SXSW-Rückblick: Vier große Themen von Interactive 2018

Veröffentlicht: 2022-06-04

Wenn Sie dies lesen, haben wir es durch einen weiteren South by Southwest geschafft. Der Wirbelsturm einer Konferenz, die in unserer Heimatstadt Austin stattfindet, erstreckt sich über fast zwei Wochen und eine große Vielfalt an Themen. Von Panels, Musikshows, Markenaktivierungen, Filmvorführungen und mehr ist es unmöglich, alles zu erleben. Keine Notwendigkeit für FOMO – wir hatten ein Team vor Ort für die Dauer der interaktiven Konferenz, das über alles berichtete, was es gesehen und gelernt hatte. Hier ist die diesjährige SXSW-Zusammenfassung mit den vier wichtigsten Themen, die wir von der Interactive-Konferenz gehört haben.

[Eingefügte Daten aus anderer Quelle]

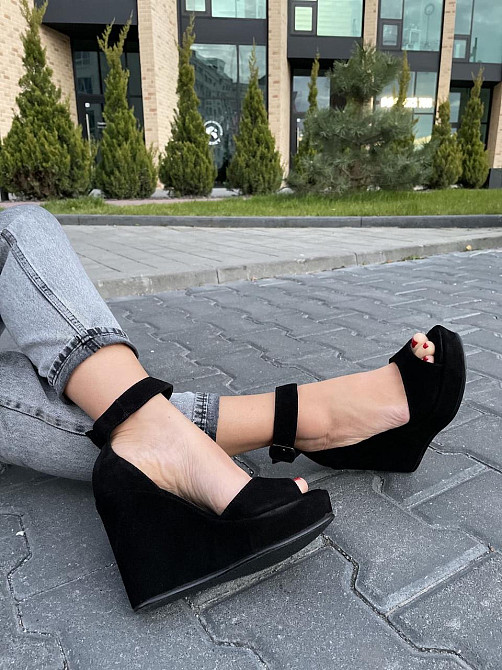 Nivelle Босоніжки жіночі NIVELLE 1889/C-818 чорні (літо, замша натуральна) (3398) Коломыя - изображение 2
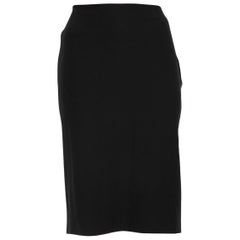 Alexander McQueen Jupe crayon longueur genoux noire Taille XS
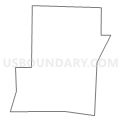 Wahoo W1 Voting District, Saunders County, Nebraska (Light Gray Border)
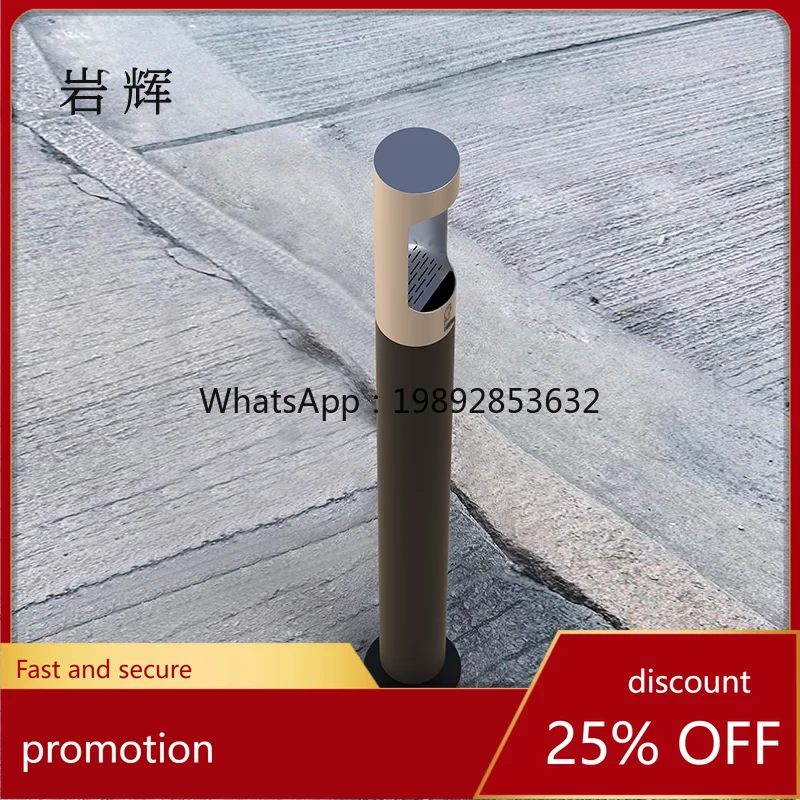 ZMLVertical Ash Column Outdoor Smoking Area Cigarette Butt Collector Stainless Steel Ashtray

1. Vielfalt und Inklusion sind zu organisatorischen Prioritäten geworden.

Während der letztjährigen SXSW Interactive wurde viel über Vielfalt in der Technik gesprochen. Während es letztes Jahr darum ging, auf ein allgegenwärtiges Problem hinzuweisen, ging es dieses Jahr darum, wie Einzelpersonen und Organisationen versuchen, es zu lösen. In dem Panel, an dem wir teilgenommen haben, sagte unser Chief People Officer, Ryan Robinson, dass die Grundlage des Mitarbeiterengagements darin besteht, sicherzustellen, dass sich Ihre Mitarbeiter wertgeschätzt und gehört fühlen. In diesem Jahr scheinen einige Organisationen genau das zu tun. Während einige Sitzungen großartige Arbeit hervorhoben, erinnerten uns andere daran, dass wir noch einen langen Weg vor uns haben, insbesondere in Bezug auf die Vielfalt und Inklusion von LGBTQ am Arbeitsplatz.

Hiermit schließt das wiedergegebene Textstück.